Florian Stangl saß im Fond des Wagens und sah in die Landschaft. Das Gelborange des westlichen Himmels sank tiefer, den Nebelschwaden entgegen, die aus den Tälern und Gräben aufstiegen wie Rauch. Die Fahrbahn war glatt, gepreßter Schnee, in den meisten Kurven Eis. Der gestreute Kies war eingefroren oder an die Straßenränder geschleudert.

Das Fahren bei diesem Wetter ist kein Vergnügen, aber Wallner war gewohnt, mit jeder Lage fertig zu werden. Die schwarze Ministerlimousine kam auch jetzt, nach dem Mittagessen, rasch voran. Wir werden pünktlich eintreffen. Wie immer.

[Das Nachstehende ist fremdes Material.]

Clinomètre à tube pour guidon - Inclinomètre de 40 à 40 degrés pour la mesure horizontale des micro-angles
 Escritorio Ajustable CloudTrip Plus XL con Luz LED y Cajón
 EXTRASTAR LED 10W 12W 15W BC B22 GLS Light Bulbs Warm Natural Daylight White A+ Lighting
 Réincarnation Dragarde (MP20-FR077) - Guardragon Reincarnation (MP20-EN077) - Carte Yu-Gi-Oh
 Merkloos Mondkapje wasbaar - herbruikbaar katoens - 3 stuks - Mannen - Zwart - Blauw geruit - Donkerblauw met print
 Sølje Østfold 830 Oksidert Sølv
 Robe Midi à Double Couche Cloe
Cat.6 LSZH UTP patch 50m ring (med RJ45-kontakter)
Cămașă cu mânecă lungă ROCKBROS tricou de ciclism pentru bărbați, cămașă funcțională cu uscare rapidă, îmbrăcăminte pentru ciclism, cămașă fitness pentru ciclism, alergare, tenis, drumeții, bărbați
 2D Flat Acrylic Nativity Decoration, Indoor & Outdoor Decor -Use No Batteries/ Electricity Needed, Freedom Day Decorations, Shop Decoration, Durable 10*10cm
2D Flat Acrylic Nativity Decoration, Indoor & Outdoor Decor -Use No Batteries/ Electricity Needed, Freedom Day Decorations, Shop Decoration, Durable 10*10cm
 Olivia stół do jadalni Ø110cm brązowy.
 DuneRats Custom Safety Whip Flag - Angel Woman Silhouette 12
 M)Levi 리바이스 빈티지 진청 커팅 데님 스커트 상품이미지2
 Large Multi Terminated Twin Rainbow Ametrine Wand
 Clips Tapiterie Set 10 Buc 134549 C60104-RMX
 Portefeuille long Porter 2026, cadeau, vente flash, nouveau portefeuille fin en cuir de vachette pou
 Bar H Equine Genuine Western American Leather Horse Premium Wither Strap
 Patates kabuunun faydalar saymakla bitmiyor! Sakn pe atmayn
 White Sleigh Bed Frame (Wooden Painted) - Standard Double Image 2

Stangl hält die Termine, sagen sie. Als wäre das sein Verdienst. Er hält sie, weil er nicht mehr aussteigen kann aus seinem Terminkalender. Aus einem Termin ergibt sich der nächste, man müßte alles hinschmeißen wie knapp vor Weihnachten Peterl, der große Chefredakteur. Auf einmal hat's ihm nicht mehr gepaßt, dem jungen Herrn Zeitungsboß, der so schön Kreuzzüge für die Freiheit gepredigt hat. Er ließ alles fallen wie ein Maurergesell und fuhr mit der Abfertigung nach Bali. Aus ist's mit dem Abendland, Peterl, in Bali ist es wärmer.

Stangl seufzte. Er wäre auch lieber nach Bali gefahren als nach St. Engelbrecht, wo morgen das große Lagerhaus eröffnet werden mußte. Sie brauchen jetzt zu allem einen Minister. Eröffnen ist mein Ressort. Seit vierzehn Jahren eröffne ich, die Stimme wird heiserer, die Brille dicker, aber ich eröffne noch immer.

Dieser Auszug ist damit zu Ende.